What sort of restaurant do we need next?
In a city that’s spent the last few years trying to eat its way out of its inferiority complex, it’s an inevitable question. Do we need better Thai food? Spanish kitchens that keep Madrid hours (or even just New York ones)? A Sulawesi street cart that makes chocolate-peanut martabaks, and only chocolate-peanut martabaks? (Yes, and I’d give my left eyetooth, in case you’re wondering.)
It’s a wide culinary world out there, with plenty of things to wish for. And if your list included Americanized pan-Asian food at entrée prices approaching $40, the wait ended in mid-August with Jane G’s.
Named for owner Jane Guo, whose Noodle Heaven closed on Broad Street in 2003, the restaurant has a pretty straightforward mission. “We really just wanted to fill a void of fine-dining Asian cuisine in Center City,” Guo’s son and the general manager, Jackson Fu, told me, noting the 2009 shuttering of Susanna Foo’s Center City location.
Nature abhors a vacuum, and so do restaurateurs. So let’s be sporting for a moment, pretend we never heard of Buddakan or Sampan or Morimoto, and make like there really was a yawning void to fill.
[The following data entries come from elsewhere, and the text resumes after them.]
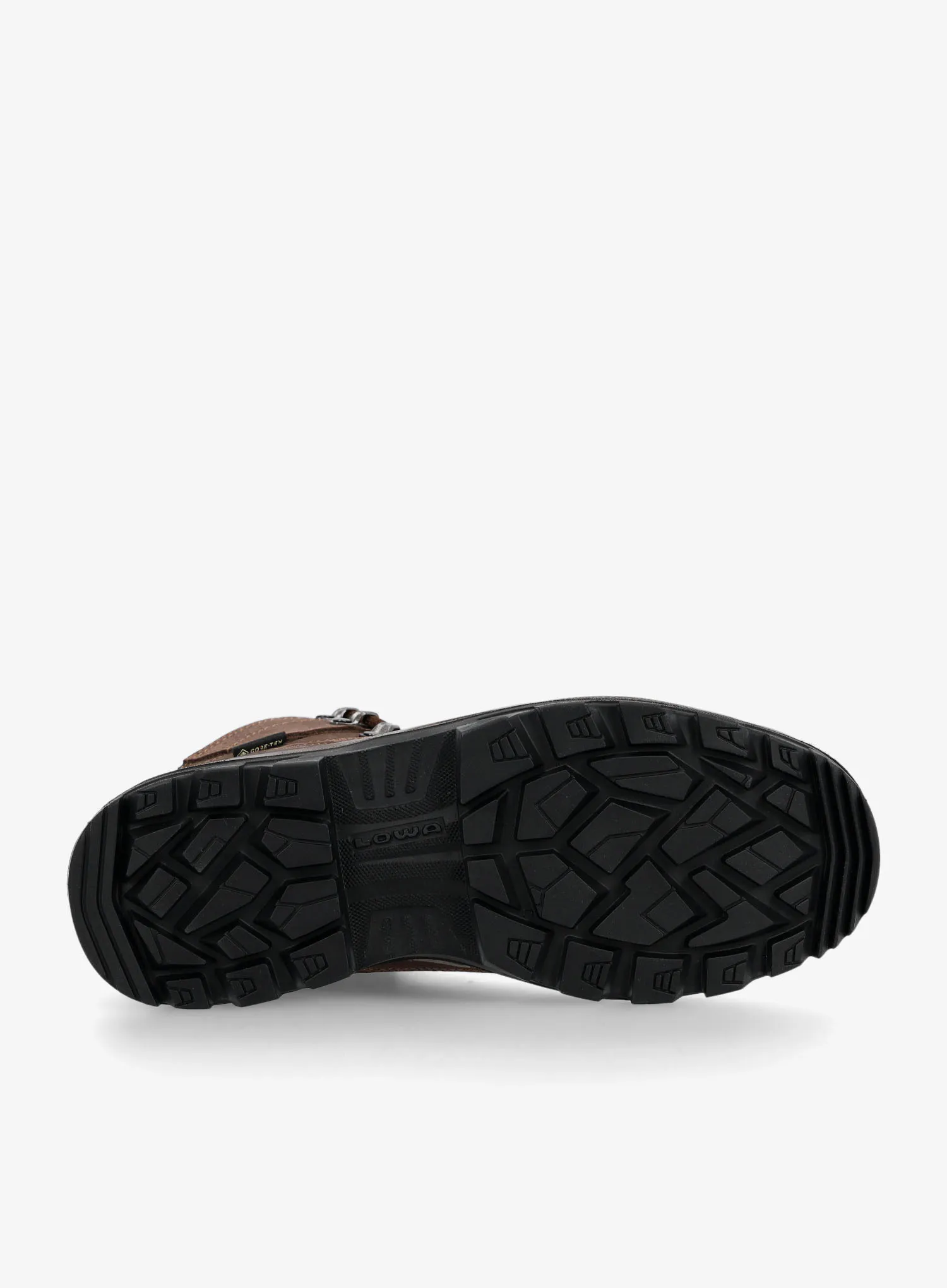 Taktični čevlji Lowa Task Force Renegade II N GTX Mid TF - dark brown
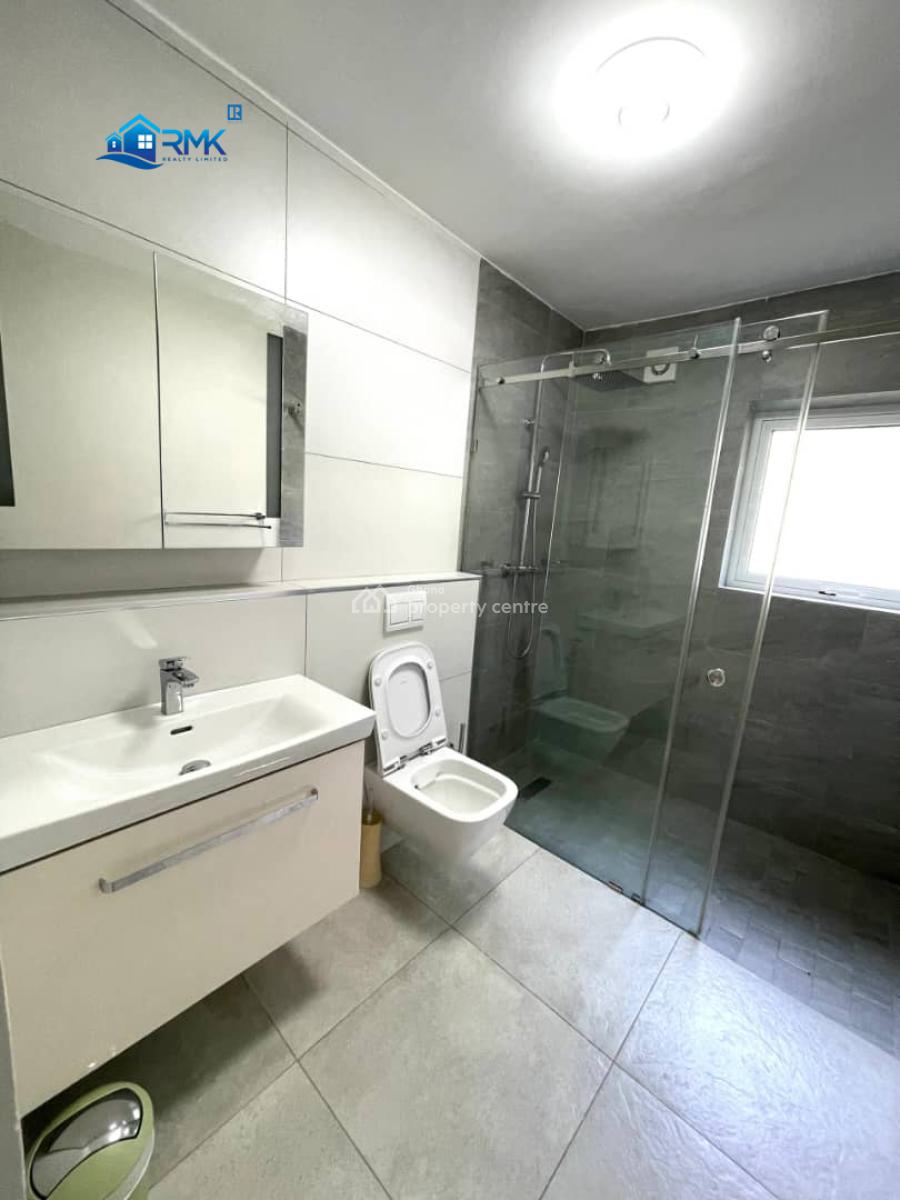 3-bedroom Furnished Apartment for in Cantonments, Cantonments, Accra, Apartment for Rent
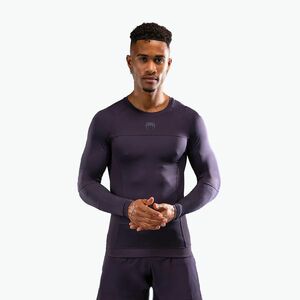 Férfi Venum G-Fit Air Rashguards hosszú ujjú, mélylila színű ruházat (G-Fit Air Rashguards VENUM-05008-049) kép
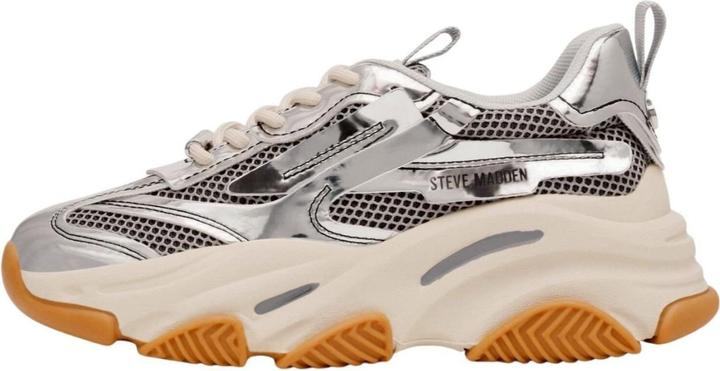 Silver, Black Sbk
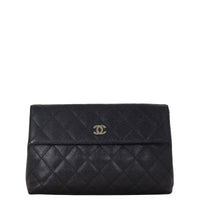 Chanel CC Flap Clutch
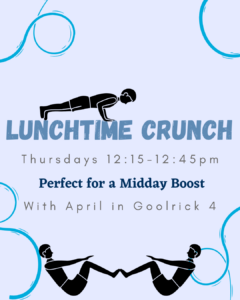 Image of people exercising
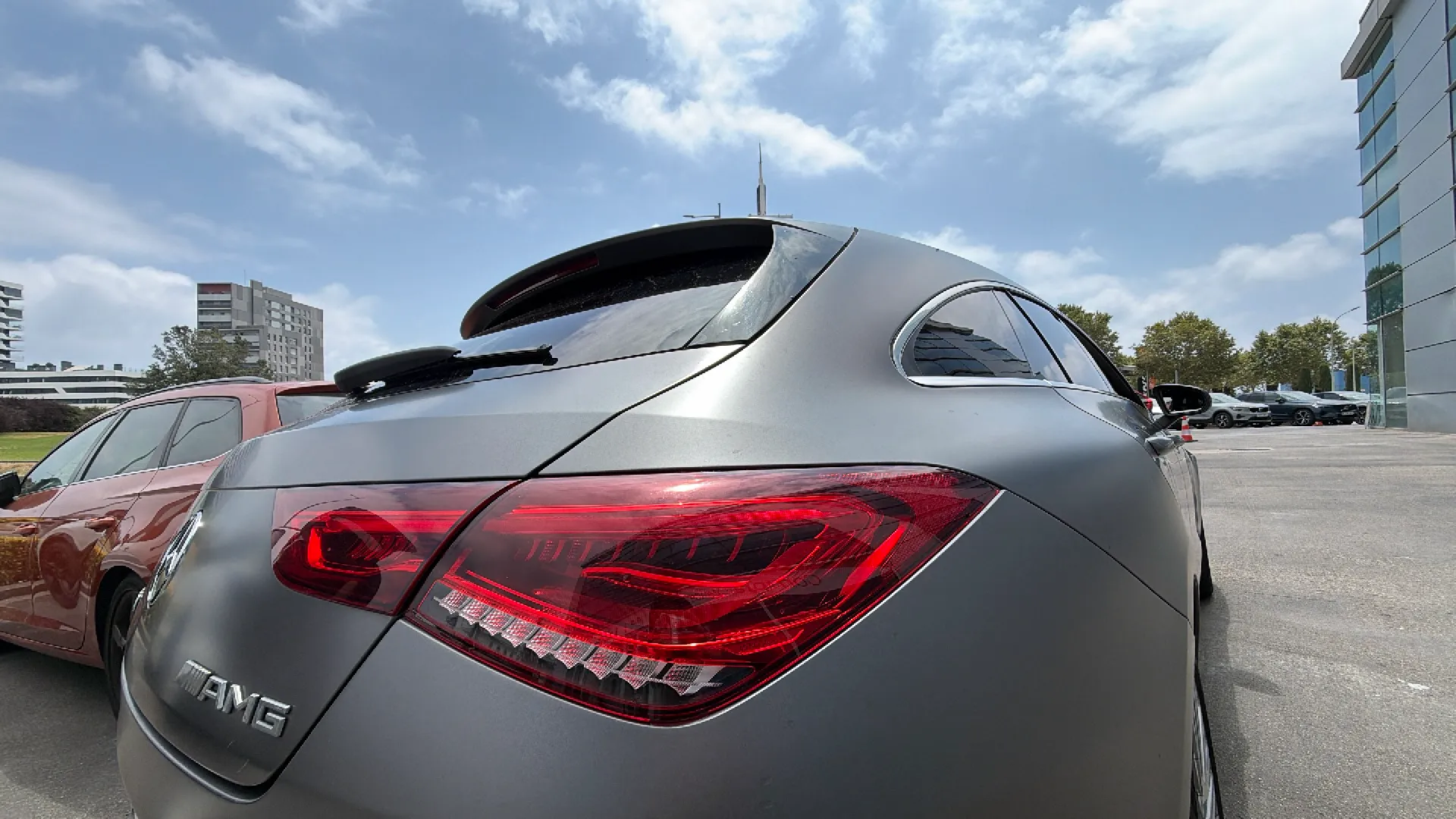 Mercedes-Benz CLA 200 Shooting Brake - foto 31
What delights await a visitor to Jane G’s?
Popcorn shrimp, for one. That was our server’s highest recommendation on my first bumpy dinner here, when two of the only three beers worth ordering were missing in action and only 24 ounces remained of the third. (The situation improved slightly a couple weeks later, if only because the price for a 12-ounce bottle of Chimay Bleue dropped from an insane $16 to an only mildly deranged $11.)
Now, maybe I’m a curmudgeon—or maybe it’s just that I’m not nine years old anymore—but I resisted the popcorn shrimp. Mostly because I actually like shrimp, and good ones don’t benefit from deep-fried camouflage. She brought them anyway, gratis, and it was a disarming gesture. We laughed, ate the popcorn shrimp, and had to admit that the hint of wasabi in the aioli sauce was very tasty—and that the faintly sweet rock shrimp were indeed a little more substantial than our childhood memories of Captain D’s.
Alas, our server proved herself doubly right, because that was the most memorable dish we had—and topped out as the second-best of all my subsequent visits.
It’s not that anything was awful—though it was really a shame that someone had turned a $38 quasi-Thai “bouillabaisse” into a lobster-themed salt lick. Chef Michael Chan executes Jane G’s menu ably enough. It’s just that the menu is by turns dated, overpriced, and more adventurous to read than to taste.
“Spicy Hunan Lamb” wasn’t spicy at all, but oversweet and gloopy, like weeknight takeout. What made the skewers of “Tibetan Lamb” Tibetan? A gentle dusting of cumin, apparently—because it can’t have been the (non-emulsified) satay sauce, the (better) teriyaki reduction, or the Tibet- goes-tiki pineapple juice marinade.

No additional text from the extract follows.